Put simply, in dealing with the issue of the proliferation of weapons of mass destruction, American rhetoric doesn't match its deeds. It speaks loudly and carries a small stick.

 

US timidity in advancing its own national security interests in the face of international hostility is of course matched by the administration's addiction to the cause of Palestinian statehood. Standing next to UN Secretary-General Kofi Annan last week, US Secretary of State Colin Powell equated opponents to Palestinian statehood with Palestinian terrorists. In Powell's view, burying the road map in the wake of the Palestinian massacre of 21 people in Jerusalem is not an option because as he put it, "The alternative is what?… Let the terrorists win? Let those who have no interest in a Palestinian state win? Let those who have no interest but killing innocent people win? No. That is not an acceptable outcome."

 

In the same statement, Powell recognized Yasser Arafat as the de facto leader of the Palestinian Authority. Powell's request that Arafat allow PA Prime Minister Mahmoud Abbas to make use of the Palestinian militias is what spurred Arafat's actions this week to sideline Abbas and Security Minister Muhammad Dahlan.

 

The Palestinian media this week has been full of reports and commentary stating that Powell's statement amounted to nothing less than the US reconferring legitimacy on Arafat. Palestinian sources say that given Powell's statement, there is no way that Abbas and Dahlan will be able to assert any type of authority over the PA.

 

This of course would be fine if Powell's intention had been to unmask the fiction of PA reform under Abbas and Dahlan. But of course the opposite is the case. The US is acutely interested in eternalizing this lie. "A new Palestinian leadership is emerging that understands and says, in Arabic and English that terror is not a means to Palestinian statehood, but rather the greatest obstacle to statehood," said US National Security Adviser Condoleezza Rice.

 

In so reacting to last week's massacre, the message the US effectively sends the Palestinians is that terrorism pays. Arafat has learned that when bombs go off in Jerusalem and the precious road map is in jeopardy, Washington knows who to call. As for the Palestinian people, they have learned that Abbas and Dahlan were repaid for their mealy-mouthed antiterror rhetoric with their removal from power.

 

What we see then is US policy in full-blown retreat. That the US is now considering allowing a UN-sponsored force to operate in Iraq is simply another example of this surrender of initiative to an international community that shares none of the US's views or goals.

 

Perhaps given its naive and premature sense of triumph, the US now believes it can indulge a strategy of delay, deny, and retreat. But Israel cannot engage in such irresponsible self-deception. International conferences will not slow or prevent Iran's acquisition of nuclear weapons.

 

 

Concessions to the Palestinians will not convince the US or the UN to take concerted action against the Iranians. They will have no impact on Iran's desire to destroy the State of Israel. With 70 percent of our population concentrated in the kill radius of one atomic bomb, Is
rael cannot stand by idly and expect the US to ride in like a knight in shining armor to save us from destruction.

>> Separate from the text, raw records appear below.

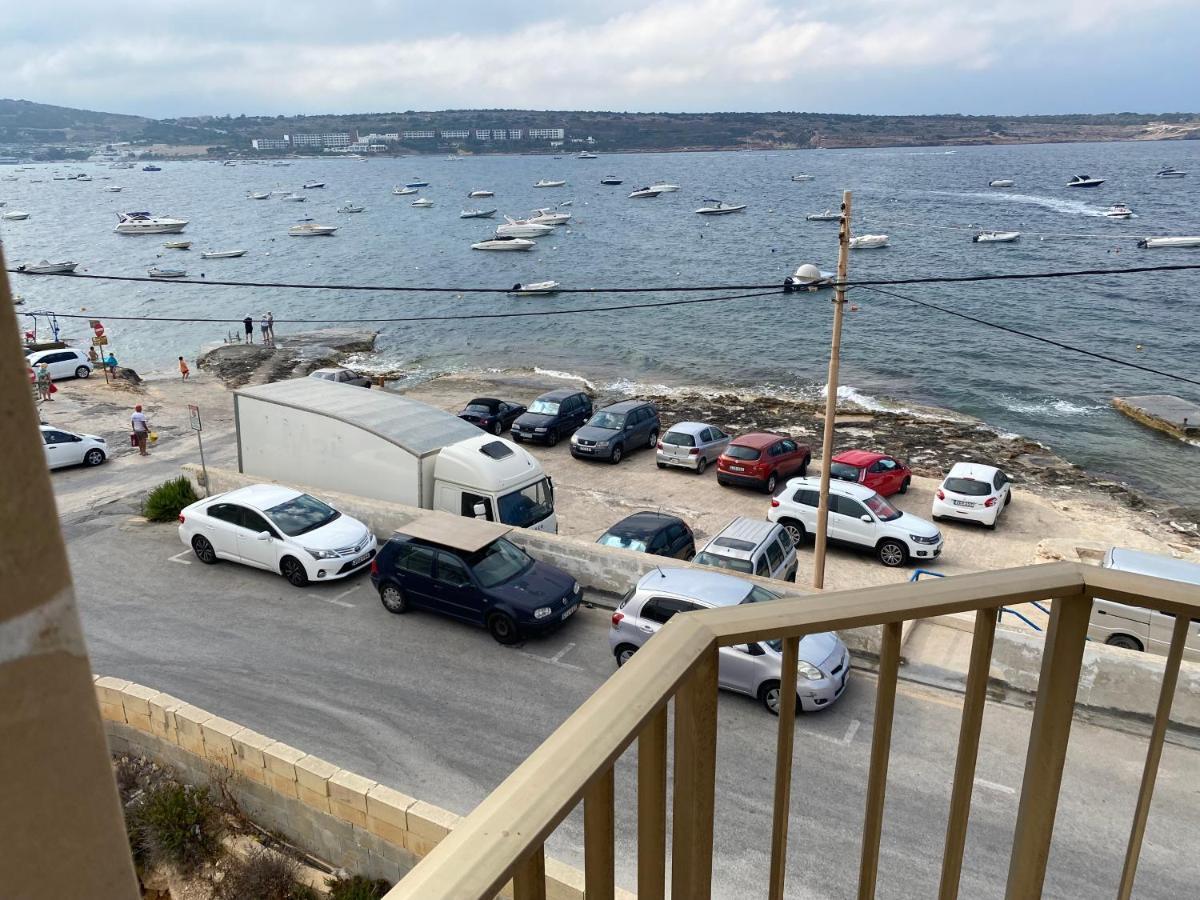 Sea Front Apartment At Mellieha Bay, Malta! Exteriör bild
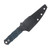 Half Face Blades Combat Filet Fixed Blade Arctic Storm Carbon Fiber TI Acid Etch Blade HFCFASCF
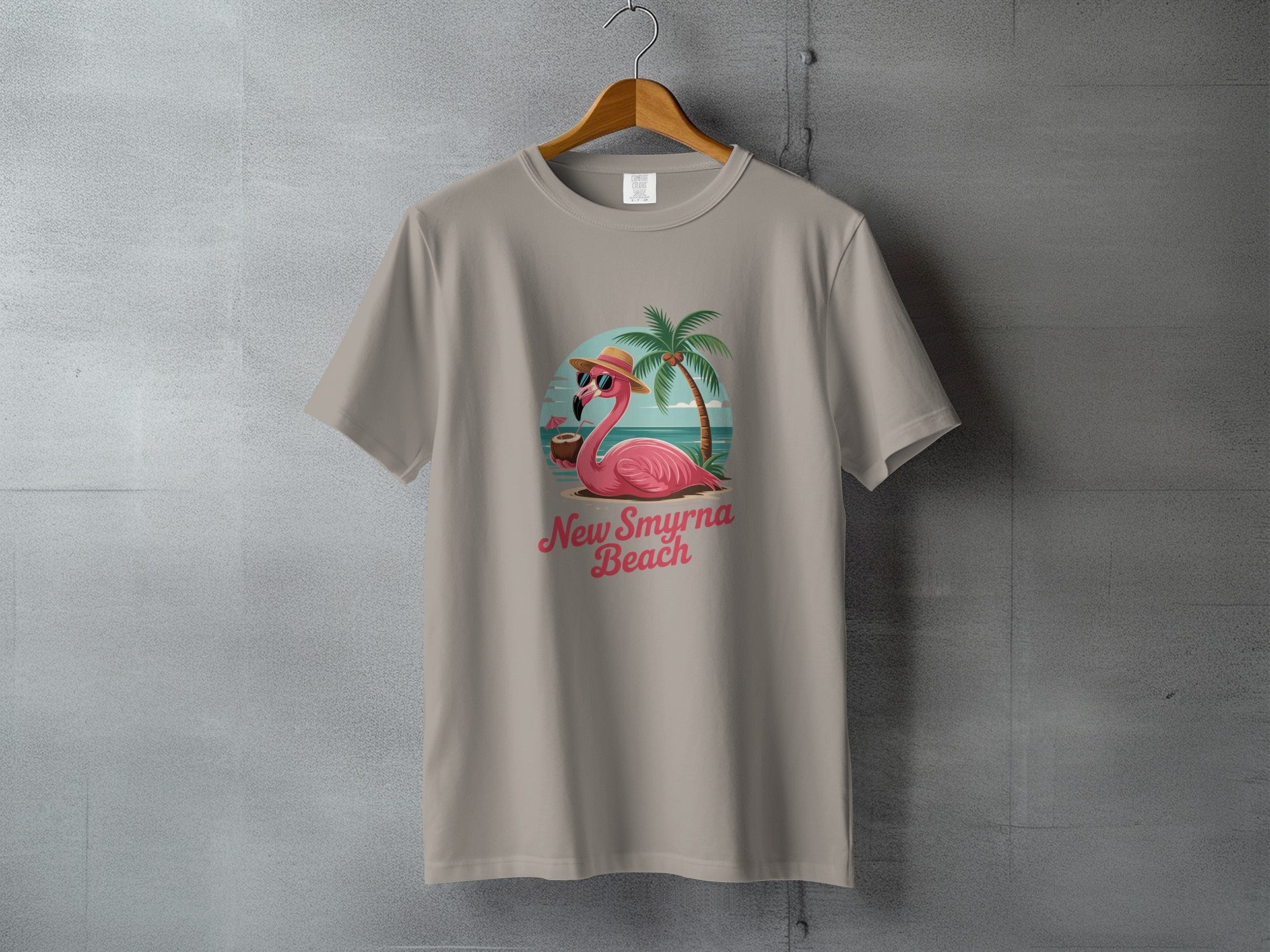 New Smyrna Beach Flamingo Graphic T-Shirt product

Iran has already made it clear that the threat of Israeli nuclear retaliation for a nuclear strike on Israel will not deter it from attacking. We owe it to ourselves to take this seriously. Our missile defense system, although the most advanced in the world, is not an impenetrable shield.

 

If our survival is important to him, Mofaz should not be trusting the Americans. He should be hunkering down with OC Air Force Maj.-Gen. Dan Halutz right now and mapping out plans to destroy the Iranian nuclear installations. Time is not on our side and, apparently, neither is the US.